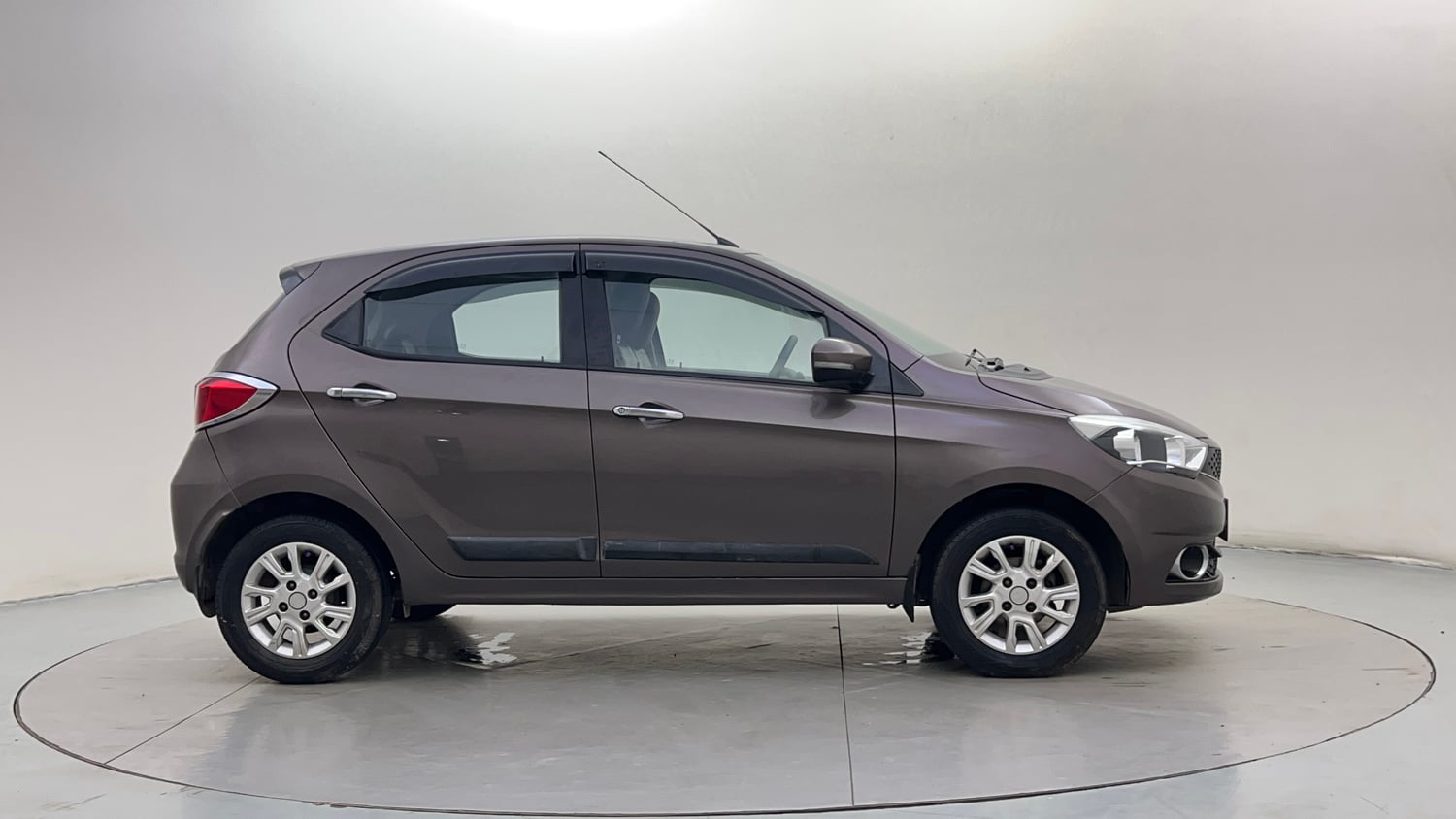Used 2018 Tata Tiago Revotron XZA Petrol Automatic exterior RIGHT SIDE VIEW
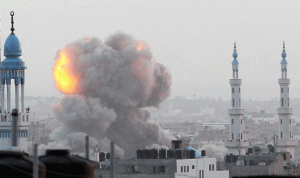 الطيران الإسرائيلي يستهدف موقعين لـ”حماس” في قطاع غزة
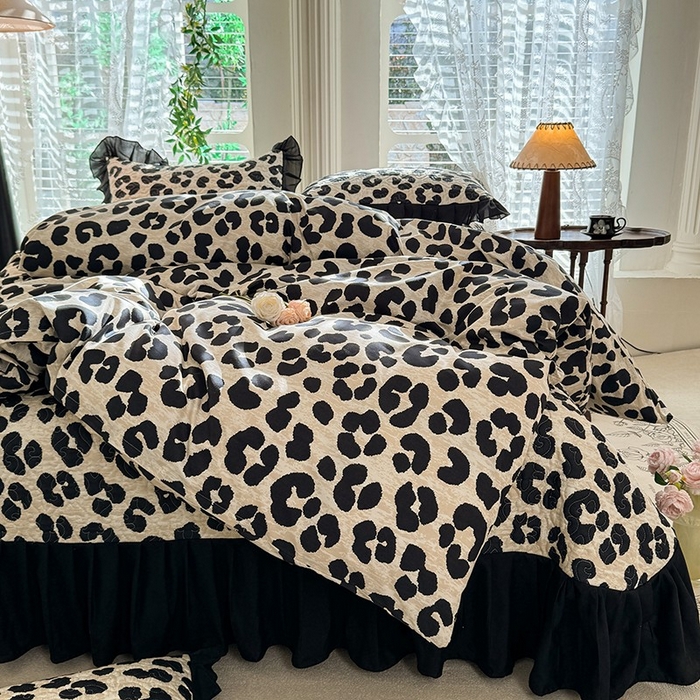 91家纺网 家纺一手货源 找家纺 （总）金盛皇朝家纺 2025新款法式赫本风大花卉床盖四件套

*YOUR TASK:*
What is needed is the data above, retyped exactly, with every picture left out.

*EXERCISE OUTPUT:*
Used 2018 Tata Tiago Revotron XZA Petrol Automatic exterior RIGHT SIDE VIEW
 الطيران الإسرائيلي يستهدف موقعين لـ”حماس” في قطاع غزة
 91家纺网 家纺一手货源 找家纺 （总）金盛皇朝家纺 2025新款法式赫本风大花卉床盖四件套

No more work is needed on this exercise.